* [WHAT IS REQUIRED] From the first line of the entries below, reproduce everything exactly through the line with "Presiden Prabowo pimpin", and nothing more.
=== THE RECORDS ===
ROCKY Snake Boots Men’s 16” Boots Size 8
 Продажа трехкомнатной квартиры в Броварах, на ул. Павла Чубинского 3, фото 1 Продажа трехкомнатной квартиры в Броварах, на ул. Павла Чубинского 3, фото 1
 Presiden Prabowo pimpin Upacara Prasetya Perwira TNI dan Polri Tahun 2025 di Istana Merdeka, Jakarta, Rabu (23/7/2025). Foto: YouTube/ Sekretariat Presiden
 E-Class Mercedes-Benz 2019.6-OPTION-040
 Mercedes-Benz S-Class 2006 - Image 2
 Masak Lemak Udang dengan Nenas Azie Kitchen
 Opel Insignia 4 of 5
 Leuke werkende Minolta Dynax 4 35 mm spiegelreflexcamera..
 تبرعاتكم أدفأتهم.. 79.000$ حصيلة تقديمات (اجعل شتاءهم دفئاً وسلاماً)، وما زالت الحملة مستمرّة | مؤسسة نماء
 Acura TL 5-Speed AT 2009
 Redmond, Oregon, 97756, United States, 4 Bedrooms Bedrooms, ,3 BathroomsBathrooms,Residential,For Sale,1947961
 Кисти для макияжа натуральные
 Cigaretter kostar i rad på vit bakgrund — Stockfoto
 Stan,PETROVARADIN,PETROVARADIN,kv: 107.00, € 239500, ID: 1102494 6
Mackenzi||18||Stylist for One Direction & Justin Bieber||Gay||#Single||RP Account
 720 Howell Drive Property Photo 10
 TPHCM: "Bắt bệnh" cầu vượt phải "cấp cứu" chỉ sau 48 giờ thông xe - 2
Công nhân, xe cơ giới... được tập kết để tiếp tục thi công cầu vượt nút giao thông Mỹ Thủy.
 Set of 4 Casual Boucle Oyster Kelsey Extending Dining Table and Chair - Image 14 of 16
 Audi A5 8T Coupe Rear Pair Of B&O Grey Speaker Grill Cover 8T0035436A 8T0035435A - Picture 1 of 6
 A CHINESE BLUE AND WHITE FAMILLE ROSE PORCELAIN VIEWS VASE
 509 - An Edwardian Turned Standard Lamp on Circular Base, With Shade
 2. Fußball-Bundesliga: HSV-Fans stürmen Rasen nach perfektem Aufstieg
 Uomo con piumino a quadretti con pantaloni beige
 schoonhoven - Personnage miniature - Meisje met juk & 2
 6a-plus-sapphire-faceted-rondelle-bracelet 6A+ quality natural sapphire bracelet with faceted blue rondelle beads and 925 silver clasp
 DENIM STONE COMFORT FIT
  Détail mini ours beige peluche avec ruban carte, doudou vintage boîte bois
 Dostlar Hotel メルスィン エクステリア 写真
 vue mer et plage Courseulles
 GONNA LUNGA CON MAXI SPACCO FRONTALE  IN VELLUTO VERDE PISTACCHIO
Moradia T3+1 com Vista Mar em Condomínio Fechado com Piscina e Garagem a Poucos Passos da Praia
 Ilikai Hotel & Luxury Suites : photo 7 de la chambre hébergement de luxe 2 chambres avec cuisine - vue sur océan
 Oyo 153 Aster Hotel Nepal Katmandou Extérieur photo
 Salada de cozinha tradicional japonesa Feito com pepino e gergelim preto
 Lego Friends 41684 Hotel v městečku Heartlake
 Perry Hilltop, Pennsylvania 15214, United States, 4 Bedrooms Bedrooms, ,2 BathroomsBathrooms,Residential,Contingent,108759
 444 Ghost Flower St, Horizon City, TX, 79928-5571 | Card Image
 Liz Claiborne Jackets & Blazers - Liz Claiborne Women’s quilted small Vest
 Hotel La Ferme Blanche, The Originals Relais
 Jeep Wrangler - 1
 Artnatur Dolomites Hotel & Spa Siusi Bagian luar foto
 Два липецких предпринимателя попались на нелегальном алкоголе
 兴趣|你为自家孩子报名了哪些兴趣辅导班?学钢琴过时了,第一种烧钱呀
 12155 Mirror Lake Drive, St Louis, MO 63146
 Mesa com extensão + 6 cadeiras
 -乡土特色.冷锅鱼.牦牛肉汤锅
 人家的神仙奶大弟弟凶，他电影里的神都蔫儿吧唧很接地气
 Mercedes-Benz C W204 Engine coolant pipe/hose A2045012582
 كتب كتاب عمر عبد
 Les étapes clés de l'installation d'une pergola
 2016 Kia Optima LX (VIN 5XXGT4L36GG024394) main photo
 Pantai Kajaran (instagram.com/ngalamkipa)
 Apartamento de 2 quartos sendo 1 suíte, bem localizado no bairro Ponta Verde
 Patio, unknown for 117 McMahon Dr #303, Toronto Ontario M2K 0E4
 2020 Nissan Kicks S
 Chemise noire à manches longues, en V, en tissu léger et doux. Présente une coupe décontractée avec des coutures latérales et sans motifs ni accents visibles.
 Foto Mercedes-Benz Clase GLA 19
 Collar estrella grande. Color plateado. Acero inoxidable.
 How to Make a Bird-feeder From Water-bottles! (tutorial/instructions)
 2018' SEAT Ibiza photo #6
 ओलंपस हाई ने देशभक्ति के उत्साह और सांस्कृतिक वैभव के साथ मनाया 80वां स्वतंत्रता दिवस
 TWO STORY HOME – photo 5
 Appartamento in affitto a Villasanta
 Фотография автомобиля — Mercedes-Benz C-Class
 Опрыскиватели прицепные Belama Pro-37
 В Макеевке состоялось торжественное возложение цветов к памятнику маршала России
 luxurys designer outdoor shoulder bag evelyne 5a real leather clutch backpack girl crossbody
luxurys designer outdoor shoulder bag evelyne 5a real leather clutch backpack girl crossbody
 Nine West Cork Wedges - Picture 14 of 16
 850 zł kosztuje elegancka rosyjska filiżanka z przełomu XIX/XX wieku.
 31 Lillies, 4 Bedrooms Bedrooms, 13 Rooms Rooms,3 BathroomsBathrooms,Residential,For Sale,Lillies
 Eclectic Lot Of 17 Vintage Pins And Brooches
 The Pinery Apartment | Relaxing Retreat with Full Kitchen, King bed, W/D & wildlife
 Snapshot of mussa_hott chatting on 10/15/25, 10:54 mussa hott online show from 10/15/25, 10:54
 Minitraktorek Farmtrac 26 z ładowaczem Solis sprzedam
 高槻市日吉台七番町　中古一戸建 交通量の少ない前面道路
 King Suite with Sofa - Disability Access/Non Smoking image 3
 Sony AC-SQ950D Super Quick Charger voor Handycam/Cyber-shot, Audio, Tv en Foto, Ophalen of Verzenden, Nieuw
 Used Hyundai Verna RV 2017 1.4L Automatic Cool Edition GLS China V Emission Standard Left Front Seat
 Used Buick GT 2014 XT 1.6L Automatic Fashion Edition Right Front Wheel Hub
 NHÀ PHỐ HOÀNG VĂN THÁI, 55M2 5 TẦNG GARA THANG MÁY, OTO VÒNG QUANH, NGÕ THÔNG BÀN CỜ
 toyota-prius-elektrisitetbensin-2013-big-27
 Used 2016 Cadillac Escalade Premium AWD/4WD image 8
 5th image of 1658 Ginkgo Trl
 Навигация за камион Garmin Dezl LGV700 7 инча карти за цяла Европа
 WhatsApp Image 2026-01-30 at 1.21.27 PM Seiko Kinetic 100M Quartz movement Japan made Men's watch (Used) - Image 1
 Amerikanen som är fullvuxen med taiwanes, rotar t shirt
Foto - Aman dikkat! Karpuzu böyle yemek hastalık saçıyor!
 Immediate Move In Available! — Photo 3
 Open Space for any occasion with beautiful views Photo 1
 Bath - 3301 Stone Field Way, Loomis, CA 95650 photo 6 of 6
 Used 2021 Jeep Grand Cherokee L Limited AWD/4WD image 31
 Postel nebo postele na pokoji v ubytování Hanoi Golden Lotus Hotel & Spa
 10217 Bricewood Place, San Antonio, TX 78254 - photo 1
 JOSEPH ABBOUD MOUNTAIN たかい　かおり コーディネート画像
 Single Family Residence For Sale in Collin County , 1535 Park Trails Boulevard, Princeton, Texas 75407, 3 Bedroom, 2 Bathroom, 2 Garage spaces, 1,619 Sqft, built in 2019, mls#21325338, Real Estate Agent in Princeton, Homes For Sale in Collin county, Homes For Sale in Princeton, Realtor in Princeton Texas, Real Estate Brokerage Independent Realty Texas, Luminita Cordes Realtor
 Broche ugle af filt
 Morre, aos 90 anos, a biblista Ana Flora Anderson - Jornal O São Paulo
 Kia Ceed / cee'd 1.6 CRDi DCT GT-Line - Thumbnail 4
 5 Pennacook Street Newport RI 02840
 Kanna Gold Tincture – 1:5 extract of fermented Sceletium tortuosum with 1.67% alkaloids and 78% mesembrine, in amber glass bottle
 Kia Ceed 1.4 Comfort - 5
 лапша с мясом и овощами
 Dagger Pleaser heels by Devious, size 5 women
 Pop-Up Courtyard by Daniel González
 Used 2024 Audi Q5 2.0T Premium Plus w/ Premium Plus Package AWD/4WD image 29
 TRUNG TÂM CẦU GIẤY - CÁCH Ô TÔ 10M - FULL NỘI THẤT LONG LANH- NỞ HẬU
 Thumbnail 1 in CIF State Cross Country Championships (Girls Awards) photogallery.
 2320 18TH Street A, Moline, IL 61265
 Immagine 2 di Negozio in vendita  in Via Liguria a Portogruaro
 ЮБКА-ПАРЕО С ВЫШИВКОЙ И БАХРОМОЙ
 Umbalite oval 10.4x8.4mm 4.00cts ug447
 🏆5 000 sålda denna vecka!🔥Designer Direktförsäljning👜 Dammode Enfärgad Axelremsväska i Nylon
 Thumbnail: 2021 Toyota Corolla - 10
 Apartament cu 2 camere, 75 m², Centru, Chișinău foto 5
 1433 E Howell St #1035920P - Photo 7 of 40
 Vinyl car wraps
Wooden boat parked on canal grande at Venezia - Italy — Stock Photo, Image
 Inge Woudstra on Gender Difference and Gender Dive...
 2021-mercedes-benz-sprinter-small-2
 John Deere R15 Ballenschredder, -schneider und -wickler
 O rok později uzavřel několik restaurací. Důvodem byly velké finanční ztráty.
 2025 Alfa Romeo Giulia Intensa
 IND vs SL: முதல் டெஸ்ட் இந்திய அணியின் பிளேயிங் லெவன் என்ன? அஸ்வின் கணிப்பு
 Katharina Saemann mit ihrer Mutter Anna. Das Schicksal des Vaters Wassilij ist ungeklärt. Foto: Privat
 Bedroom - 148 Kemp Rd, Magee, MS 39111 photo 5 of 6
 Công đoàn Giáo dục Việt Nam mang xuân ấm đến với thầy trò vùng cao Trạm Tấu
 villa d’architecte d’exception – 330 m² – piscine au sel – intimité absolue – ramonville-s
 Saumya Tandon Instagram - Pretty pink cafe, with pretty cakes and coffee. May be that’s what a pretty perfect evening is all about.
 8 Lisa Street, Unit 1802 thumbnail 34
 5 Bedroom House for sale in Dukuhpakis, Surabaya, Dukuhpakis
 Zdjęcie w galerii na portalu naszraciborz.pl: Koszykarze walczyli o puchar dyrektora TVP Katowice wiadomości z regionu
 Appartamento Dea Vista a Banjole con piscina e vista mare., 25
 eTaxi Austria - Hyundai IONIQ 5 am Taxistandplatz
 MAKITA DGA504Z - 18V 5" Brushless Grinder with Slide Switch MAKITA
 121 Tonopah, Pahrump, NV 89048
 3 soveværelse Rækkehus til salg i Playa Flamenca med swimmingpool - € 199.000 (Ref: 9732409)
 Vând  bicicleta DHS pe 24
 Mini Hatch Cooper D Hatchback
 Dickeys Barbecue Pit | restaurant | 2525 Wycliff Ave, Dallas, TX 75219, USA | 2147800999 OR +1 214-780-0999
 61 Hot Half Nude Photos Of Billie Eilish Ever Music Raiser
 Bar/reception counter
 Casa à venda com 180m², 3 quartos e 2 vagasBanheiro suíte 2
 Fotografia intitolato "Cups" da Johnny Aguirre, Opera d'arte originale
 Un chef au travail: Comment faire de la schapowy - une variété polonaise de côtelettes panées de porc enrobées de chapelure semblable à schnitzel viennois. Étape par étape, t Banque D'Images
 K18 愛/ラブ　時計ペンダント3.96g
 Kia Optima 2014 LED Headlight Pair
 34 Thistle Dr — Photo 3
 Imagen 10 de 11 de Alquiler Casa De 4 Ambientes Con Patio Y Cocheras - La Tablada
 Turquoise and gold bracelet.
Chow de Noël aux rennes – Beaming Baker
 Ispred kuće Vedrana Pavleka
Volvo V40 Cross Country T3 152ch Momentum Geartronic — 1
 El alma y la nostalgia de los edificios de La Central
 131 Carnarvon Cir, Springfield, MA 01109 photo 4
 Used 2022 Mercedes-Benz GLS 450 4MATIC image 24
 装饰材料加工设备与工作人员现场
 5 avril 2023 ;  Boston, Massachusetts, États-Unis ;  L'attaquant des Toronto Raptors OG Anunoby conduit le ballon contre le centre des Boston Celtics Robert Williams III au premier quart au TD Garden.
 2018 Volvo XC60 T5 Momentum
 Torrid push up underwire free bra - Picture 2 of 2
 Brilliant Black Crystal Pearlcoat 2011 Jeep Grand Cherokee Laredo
===
* [TASK RESULT]
ROCKY Snake Boots Men’s 16” Boots Size 8
 Продажа трехкомнатной квартиры в Броварах, на ул. Павла Чубинского 3, фото 1 Продажа трехкомнатной квартиры в Броварах, на ул. Павла Чубинского 3, фото 1
 Presiden Prabowo pimpin Upacara Prasetya Perwira TNI dan Polri Tahun 2025 di Istana Merdeka, Jakarta, Rabu (23/7/2025). Foto: YouTube/ Sekretariat Presiden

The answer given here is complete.